### PROBLEM
Pull every line containing "Pink" from the listing.

### THE INPUT
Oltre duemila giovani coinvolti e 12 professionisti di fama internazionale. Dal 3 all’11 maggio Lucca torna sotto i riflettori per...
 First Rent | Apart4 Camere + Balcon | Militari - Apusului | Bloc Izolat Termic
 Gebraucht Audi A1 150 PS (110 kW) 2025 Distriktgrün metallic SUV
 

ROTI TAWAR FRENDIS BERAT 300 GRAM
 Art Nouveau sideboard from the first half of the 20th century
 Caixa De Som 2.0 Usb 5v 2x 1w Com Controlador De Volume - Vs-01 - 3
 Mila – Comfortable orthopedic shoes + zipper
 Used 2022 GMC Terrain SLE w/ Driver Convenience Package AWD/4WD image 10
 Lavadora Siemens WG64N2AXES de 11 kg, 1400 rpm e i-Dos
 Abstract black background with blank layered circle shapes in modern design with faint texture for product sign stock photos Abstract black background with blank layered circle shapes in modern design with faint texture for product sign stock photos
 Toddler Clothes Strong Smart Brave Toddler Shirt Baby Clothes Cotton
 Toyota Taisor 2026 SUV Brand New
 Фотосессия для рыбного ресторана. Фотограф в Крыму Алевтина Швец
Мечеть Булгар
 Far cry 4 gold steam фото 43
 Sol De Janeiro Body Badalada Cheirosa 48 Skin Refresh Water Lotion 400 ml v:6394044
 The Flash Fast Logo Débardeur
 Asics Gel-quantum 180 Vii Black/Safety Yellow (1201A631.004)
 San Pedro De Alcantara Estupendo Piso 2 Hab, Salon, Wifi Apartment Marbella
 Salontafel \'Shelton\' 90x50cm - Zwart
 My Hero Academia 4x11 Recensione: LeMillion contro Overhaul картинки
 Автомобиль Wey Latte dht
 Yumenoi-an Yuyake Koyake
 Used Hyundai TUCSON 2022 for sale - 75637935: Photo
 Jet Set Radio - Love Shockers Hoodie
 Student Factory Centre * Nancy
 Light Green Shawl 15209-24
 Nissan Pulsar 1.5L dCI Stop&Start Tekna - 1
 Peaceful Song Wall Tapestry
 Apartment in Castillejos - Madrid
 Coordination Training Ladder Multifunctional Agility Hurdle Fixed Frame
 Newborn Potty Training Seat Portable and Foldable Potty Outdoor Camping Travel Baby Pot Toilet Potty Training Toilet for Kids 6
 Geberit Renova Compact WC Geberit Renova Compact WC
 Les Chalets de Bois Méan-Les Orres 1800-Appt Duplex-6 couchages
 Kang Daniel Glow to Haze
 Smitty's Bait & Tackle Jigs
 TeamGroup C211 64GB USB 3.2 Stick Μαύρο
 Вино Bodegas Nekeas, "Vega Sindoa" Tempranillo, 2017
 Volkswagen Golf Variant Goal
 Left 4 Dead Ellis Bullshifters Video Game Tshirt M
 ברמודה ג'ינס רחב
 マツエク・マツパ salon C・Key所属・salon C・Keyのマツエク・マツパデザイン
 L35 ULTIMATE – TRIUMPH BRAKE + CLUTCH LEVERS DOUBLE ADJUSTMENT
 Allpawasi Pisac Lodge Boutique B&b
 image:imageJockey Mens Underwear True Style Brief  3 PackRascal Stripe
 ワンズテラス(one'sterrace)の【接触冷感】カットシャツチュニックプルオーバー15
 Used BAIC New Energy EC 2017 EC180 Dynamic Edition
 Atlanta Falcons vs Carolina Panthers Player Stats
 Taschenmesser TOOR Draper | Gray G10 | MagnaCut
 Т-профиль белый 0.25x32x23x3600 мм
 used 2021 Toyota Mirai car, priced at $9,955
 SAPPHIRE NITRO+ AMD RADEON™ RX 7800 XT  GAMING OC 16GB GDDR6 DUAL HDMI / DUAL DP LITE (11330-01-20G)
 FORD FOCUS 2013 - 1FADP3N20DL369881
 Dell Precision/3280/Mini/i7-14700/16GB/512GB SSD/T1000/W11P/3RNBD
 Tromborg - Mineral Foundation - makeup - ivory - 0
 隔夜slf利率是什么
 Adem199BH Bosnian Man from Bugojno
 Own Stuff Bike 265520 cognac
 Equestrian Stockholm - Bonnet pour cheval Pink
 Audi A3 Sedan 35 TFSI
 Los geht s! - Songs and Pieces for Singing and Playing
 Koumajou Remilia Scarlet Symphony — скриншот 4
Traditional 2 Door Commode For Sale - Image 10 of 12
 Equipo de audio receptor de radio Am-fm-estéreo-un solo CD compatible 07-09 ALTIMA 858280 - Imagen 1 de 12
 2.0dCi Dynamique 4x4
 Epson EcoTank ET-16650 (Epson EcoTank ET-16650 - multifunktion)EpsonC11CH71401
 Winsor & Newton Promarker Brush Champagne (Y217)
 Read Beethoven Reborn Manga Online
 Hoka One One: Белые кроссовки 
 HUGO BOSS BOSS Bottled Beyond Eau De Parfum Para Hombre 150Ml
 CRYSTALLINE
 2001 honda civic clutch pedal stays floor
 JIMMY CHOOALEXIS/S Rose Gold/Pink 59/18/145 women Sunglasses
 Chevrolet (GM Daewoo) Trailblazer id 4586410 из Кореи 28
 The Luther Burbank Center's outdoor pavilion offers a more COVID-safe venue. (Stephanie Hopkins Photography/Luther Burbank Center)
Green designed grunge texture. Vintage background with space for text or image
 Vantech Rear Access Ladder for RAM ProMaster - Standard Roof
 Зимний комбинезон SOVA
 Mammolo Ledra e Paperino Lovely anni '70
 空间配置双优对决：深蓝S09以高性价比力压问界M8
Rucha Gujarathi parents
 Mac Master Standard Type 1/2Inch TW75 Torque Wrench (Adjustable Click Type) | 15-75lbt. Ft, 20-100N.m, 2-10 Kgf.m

### REPLY TO THE EXERCISE
 Equestrian Stockholm - Bonnet pour cheval Pink
 JIMMY CHOOALEXIS/S Rose Gold/Pink 59/18/145 women Sunglasses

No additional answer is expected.